Il giardino giapponese moderno mantiene tecniche e motivazioni tradizionali. È un giardino “naturale”. Non esistono, infatti, schemi geometrici e artificiosi come nel “giardino all’italiana” la disposizione delle piante, delle rocce, dei percorsi non è mai casuale e ogni elemento è simbolico.

La cultura del giardino, in oriente, ha origini lontane; ci sono testimonianze scritte che risalgono al 600 d.c..

è del IX secolo il primo manuale per la creazione dei giardini, divenuto un testo classico sul giardino giapponese: il SAKUTEIKI.

Durante il medioevo giapponese, nasce un nuovo stile chiamato giardino zen o giardino secco.
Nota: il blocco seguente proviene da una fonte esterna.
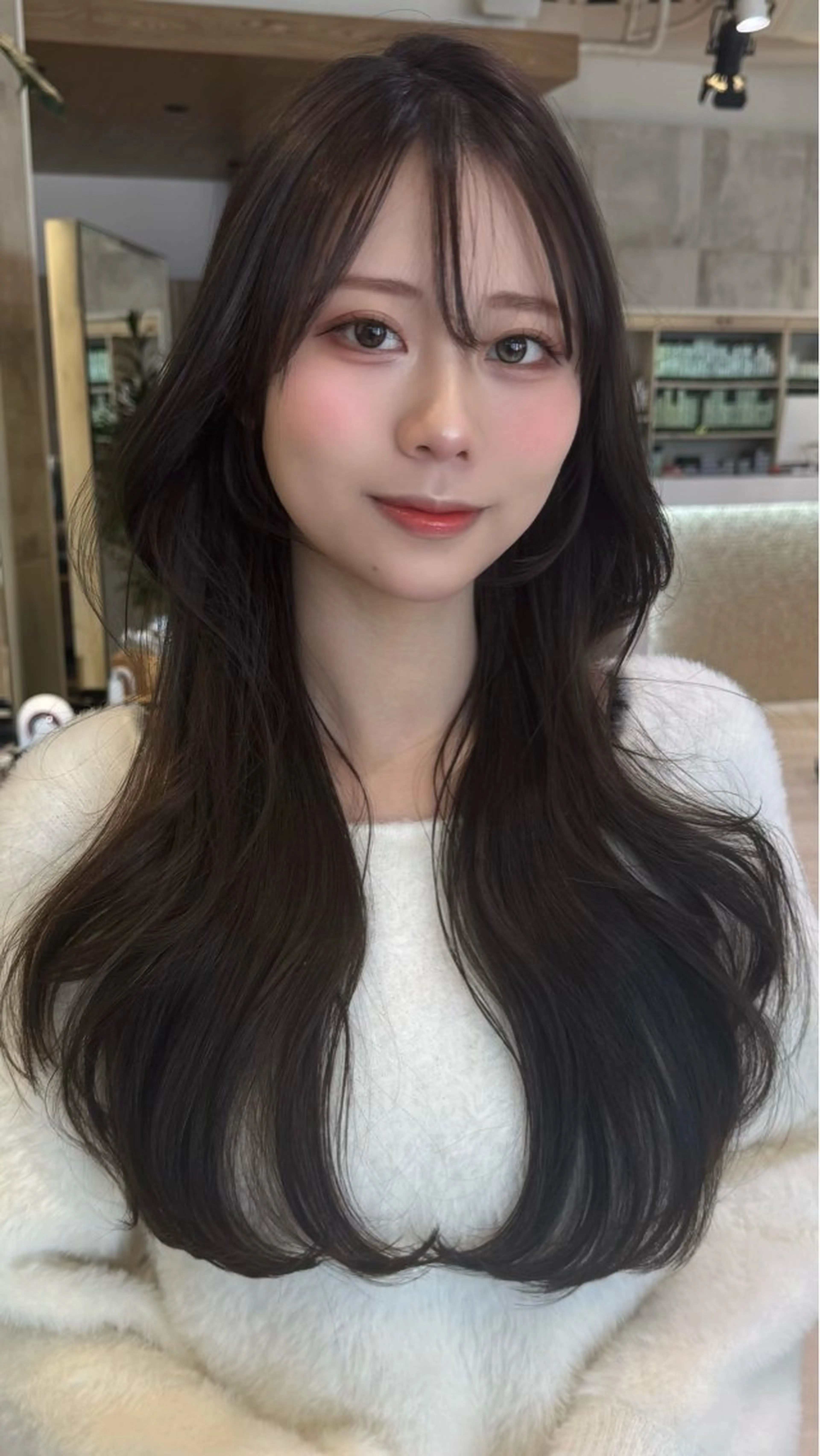 ロング 🍯レイヤー/ボブ 🍯髪質改善️ みゆのヘアスタイル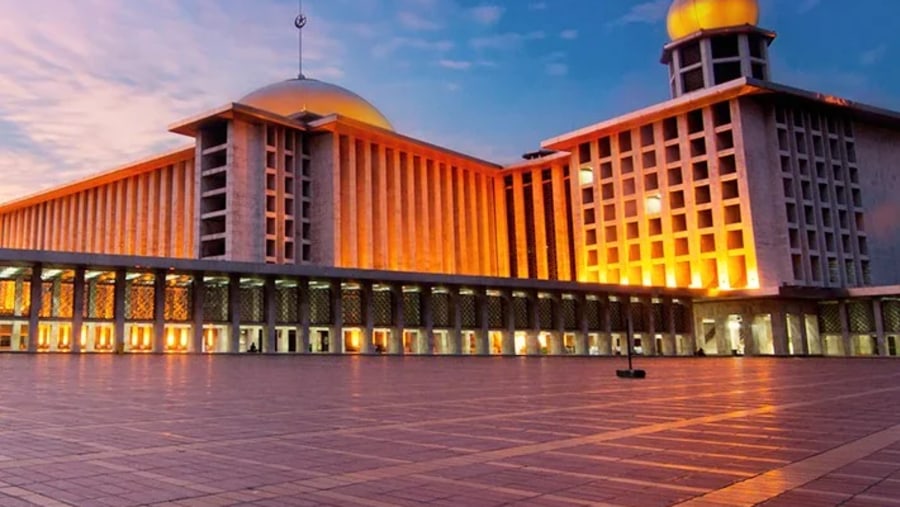 Istiqlal Mosque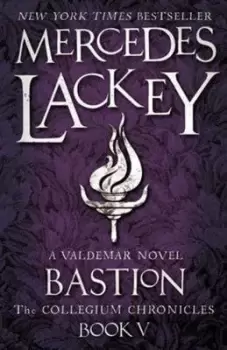 Image of Bastion by Mercedes Lackey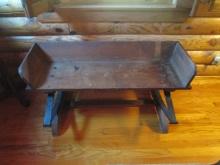 Antique Buggy/Carriage Seat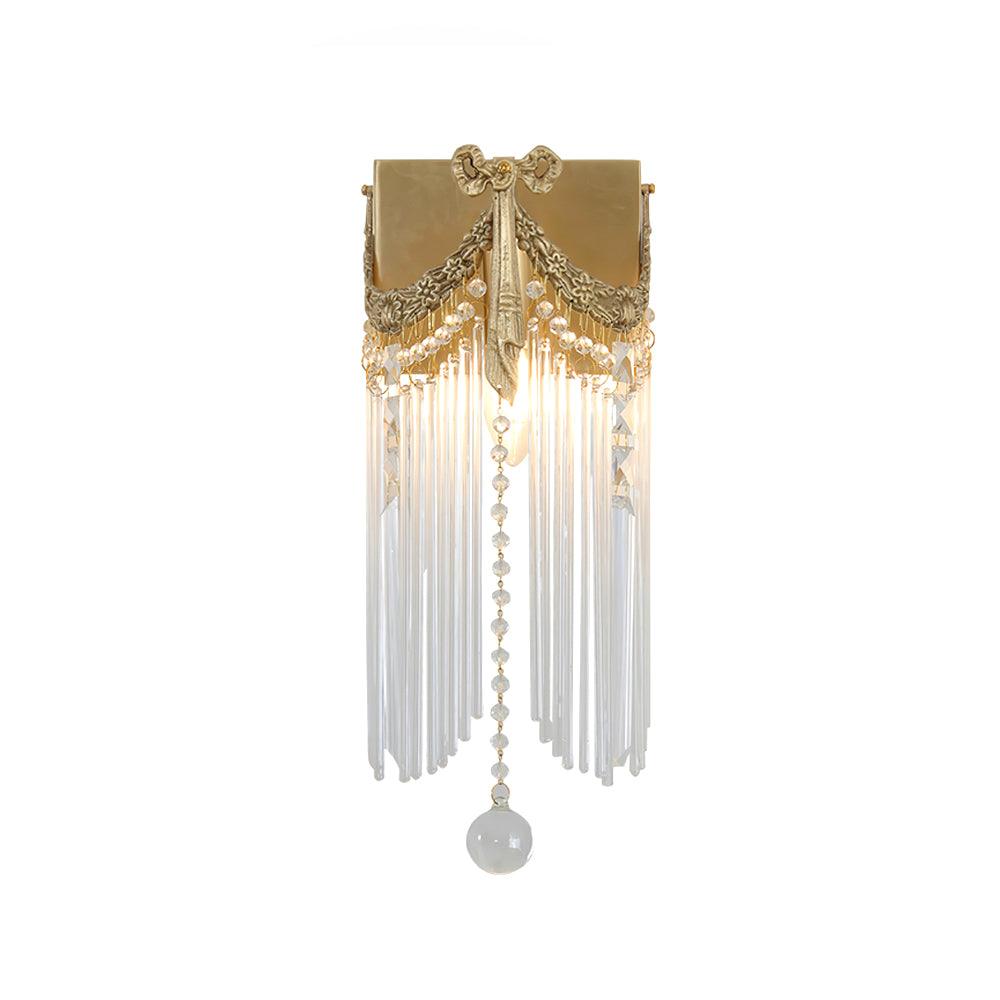 Bowknot Wall Lamp 6.3"
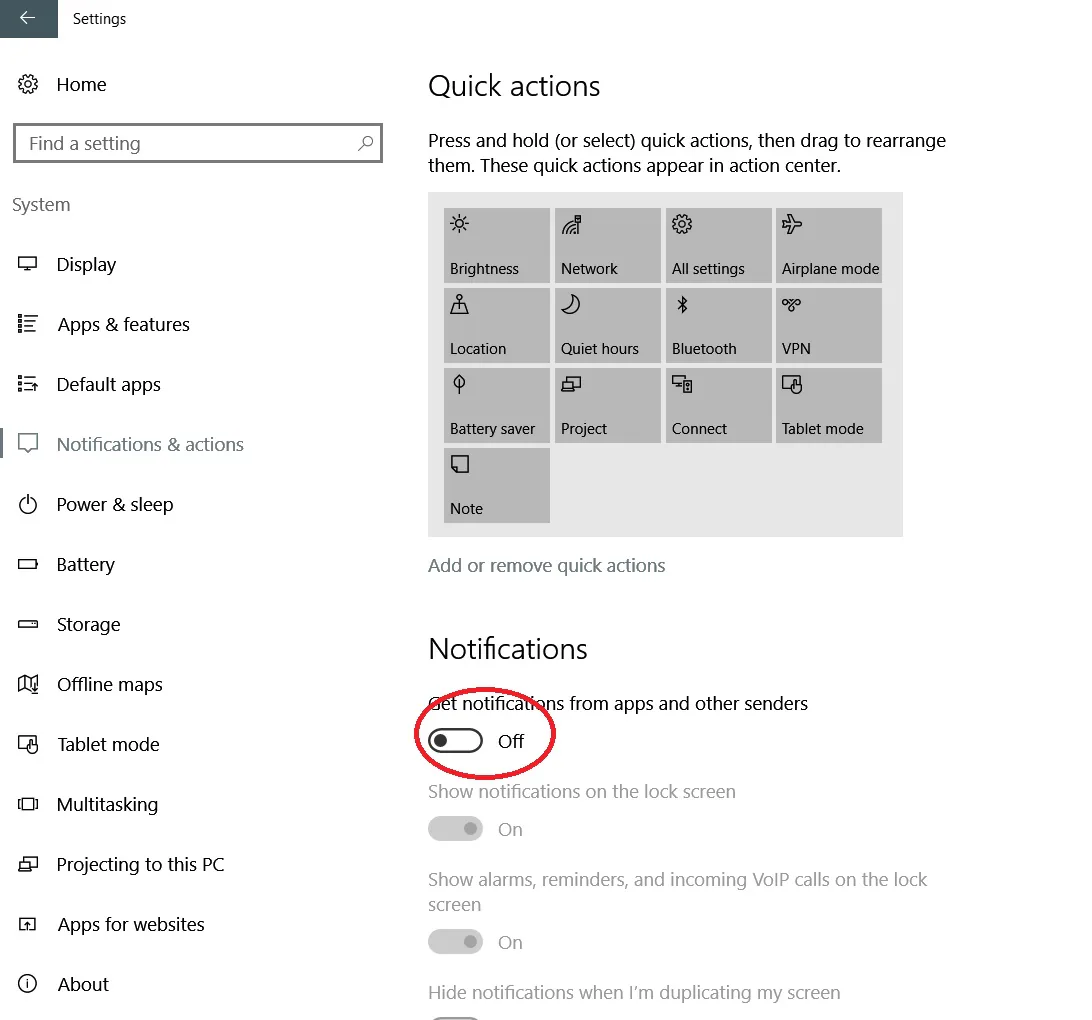 Cách vô hiệu hóa 9 tính năng có thể bạn không cần trên Windows 10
Il giardino secco è una rappresentazione di idee: una pietra ad esempio può diventare una montagna o un’isola, mentre il ghiaino chiaro può rappresentare un ruscello o l’oceano.

Ci sono tre tipologie principali di rappresentazione del paesaggio:

rappresentazione paesaggista più vicina all’immagine reale;

rappresentazione soggettiva che trasmette uno stato d’animo;

rappresentazione simbolica che costituisce un’astrazione.

 

Il giardino del tè nasce in epoca Edo.

È il luogo che si trova vicino al locale dove si svolge la cerimonia del tè.
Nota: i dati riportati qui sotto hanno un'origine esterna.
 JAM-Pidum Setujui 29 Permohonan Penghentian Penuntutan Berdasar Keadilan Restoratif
È sempre in questa epoca che l’uso di creare giardini si diffonde in tutto il paese fino alle classi popolari. Diffondendosi l’interesse per i giardini s’iniziano a stabilire anche i ruoli di ciascun elemento. Ad esempio il tsukubai  è una composizione rocciosa con una vasca di pietra al centro. Alcune pietre hanno una funzione specifica:

pietra frontale: pietra sulla quale l’ospite si inchina per prendere l’acqua dalla vasca centrale;

pietra con secchio per l’acqua calda: viene usato durante il periodo invernale;

pietra con candela: per le cerimonie del tè serale.